◆ **Prompt**
Below are records; the lines starting at the one with "funny carnivore sweatshirt" and ending at the one with "Португалия 1 евро" must be reproduced exactly, both included. Pictures must not appear.

◆ **Data shown**
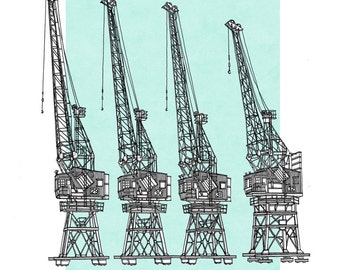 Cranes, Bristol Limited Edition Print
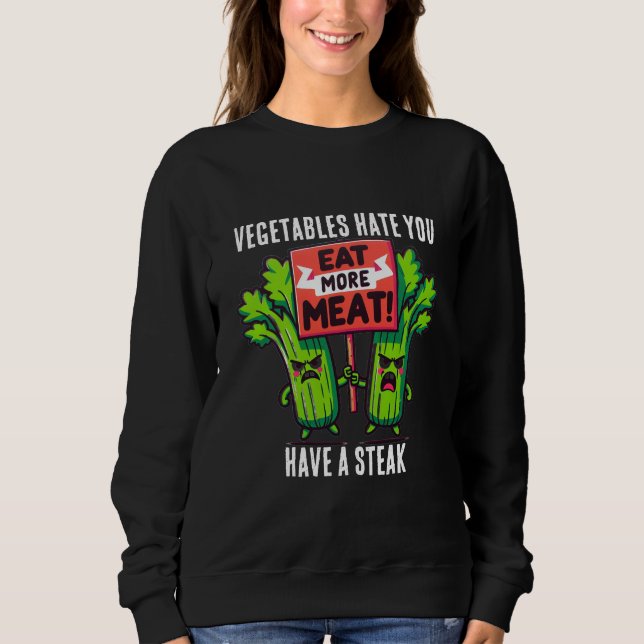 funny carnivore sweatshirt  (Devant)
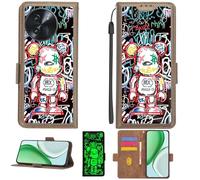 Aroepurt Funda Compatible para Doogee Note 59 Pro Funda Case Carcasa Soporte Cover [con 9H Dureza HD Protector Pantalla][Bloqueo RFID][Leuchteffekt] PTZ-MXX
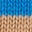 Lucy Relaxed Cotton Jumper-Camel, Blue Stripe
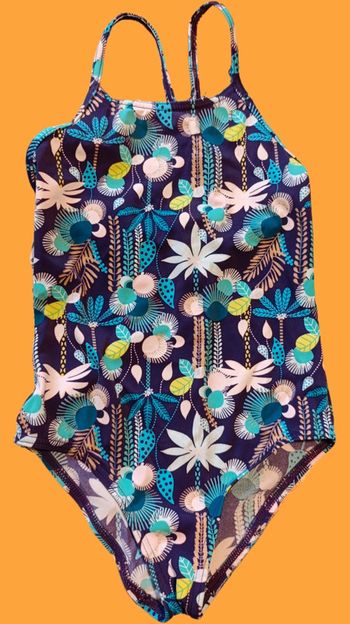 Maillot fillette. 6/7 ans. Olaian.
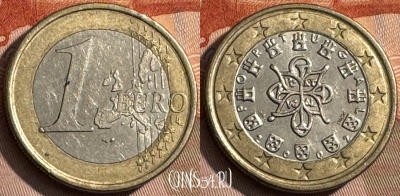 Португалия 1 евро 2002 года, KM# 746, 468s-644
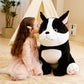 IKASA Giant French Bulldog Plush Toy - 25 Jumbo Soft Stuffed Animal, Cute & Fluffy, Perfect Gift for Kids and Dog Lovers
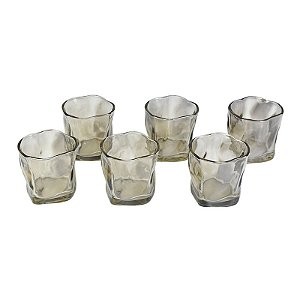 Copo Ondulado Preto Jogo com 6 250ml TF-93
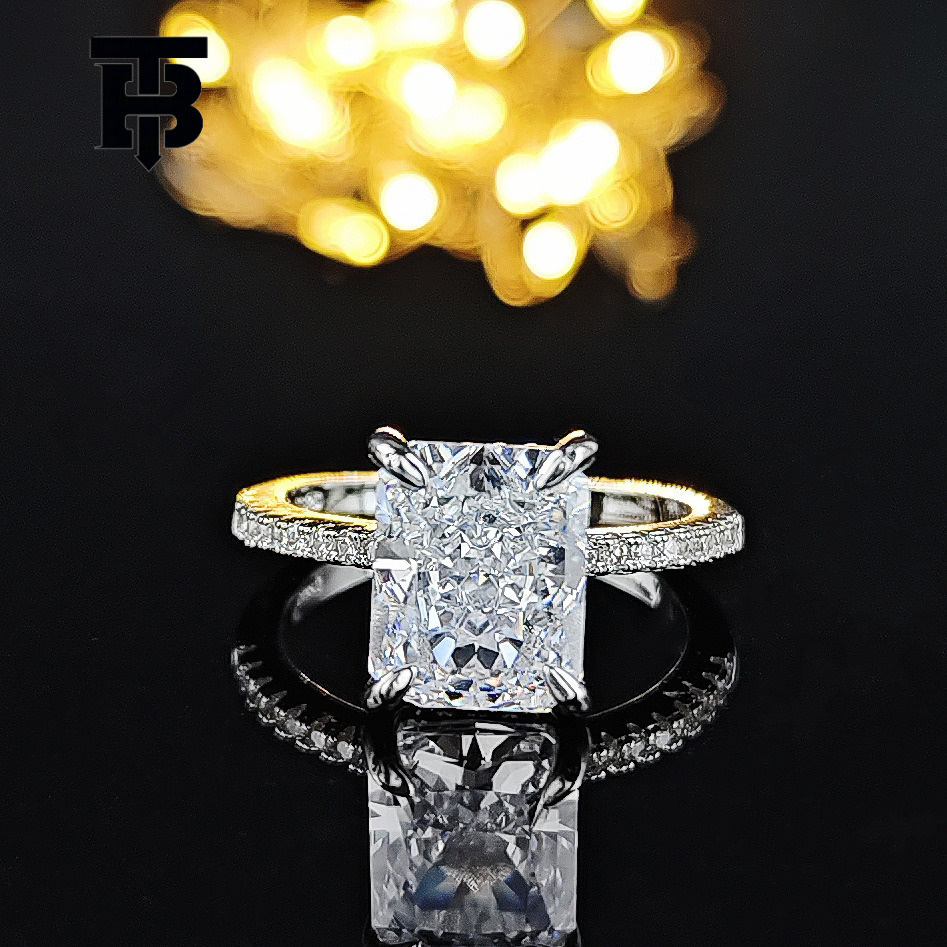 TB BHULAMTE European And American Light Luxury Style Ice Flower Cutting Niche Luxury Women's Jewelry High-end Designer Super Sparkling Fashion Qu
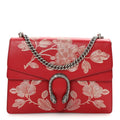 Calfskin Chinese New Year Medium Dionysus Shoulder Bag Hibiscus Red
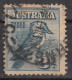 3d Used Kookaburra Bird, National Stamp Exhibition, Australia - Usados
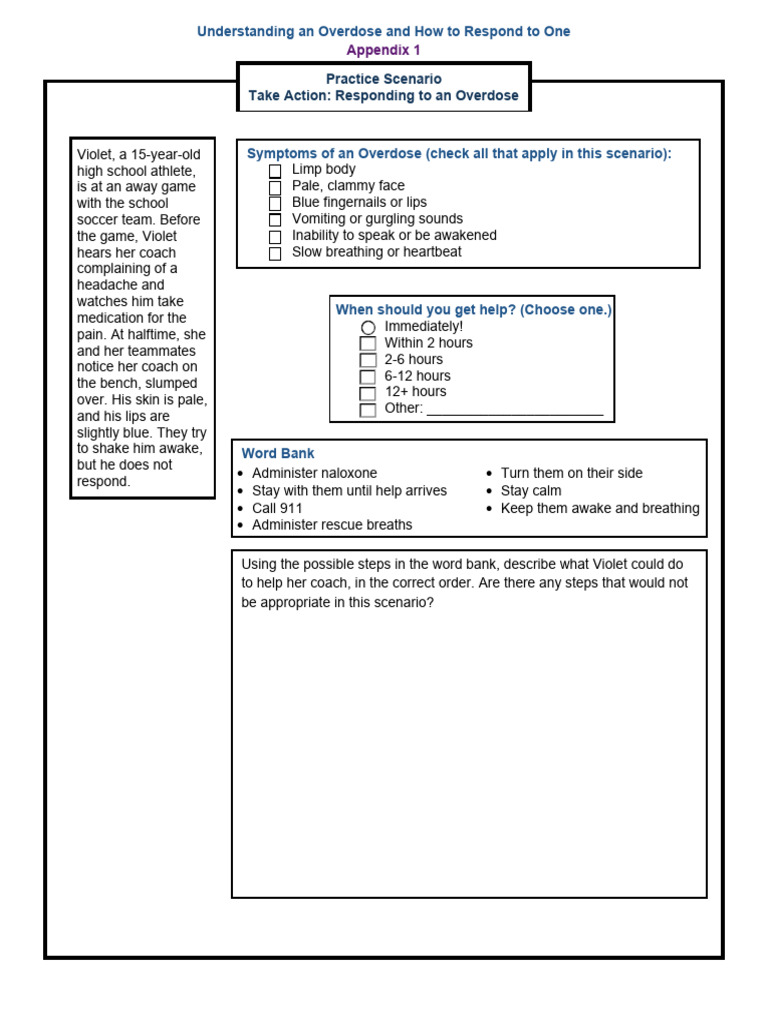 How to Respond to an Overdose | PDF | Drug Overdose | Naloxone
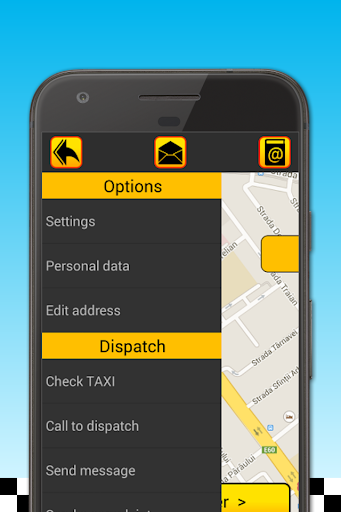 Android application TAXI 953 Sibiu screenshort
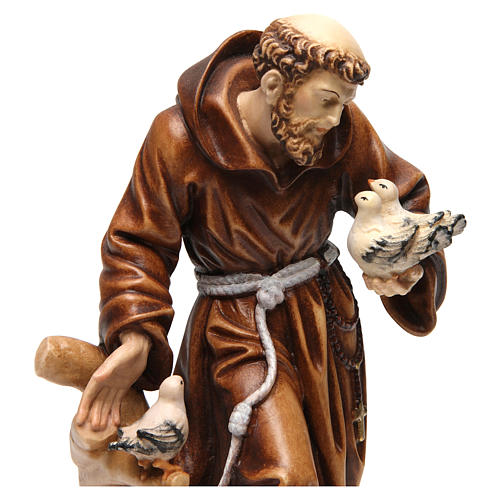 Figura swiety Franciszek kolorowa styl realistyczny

* * *

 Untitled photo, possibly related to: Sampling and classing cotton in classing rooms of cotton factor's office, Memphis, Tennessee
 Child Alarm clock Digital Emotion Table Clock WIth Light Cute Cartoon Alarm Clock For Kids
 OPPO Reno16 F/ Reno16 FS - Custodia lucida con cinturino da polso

◆ **Solution for this task**
 funny carnivore sweatshirt  (Devant)
 Aroepurt Funda Compatible para Doogee Note 59 Pro Funda Case Carcasa Soporte Cover [con 9H Dureza HD Protector Pantalla][Bloqueo RFID][Leuchteffekt] PTZ-MXX
 Lucy Relaxed Cotton Jumper-Camel, Blue Stripe
 Maillot fillette. 6/7 ans. Olaian.
 Португалия 1 евро 2002 года, KM# 746, 468s-644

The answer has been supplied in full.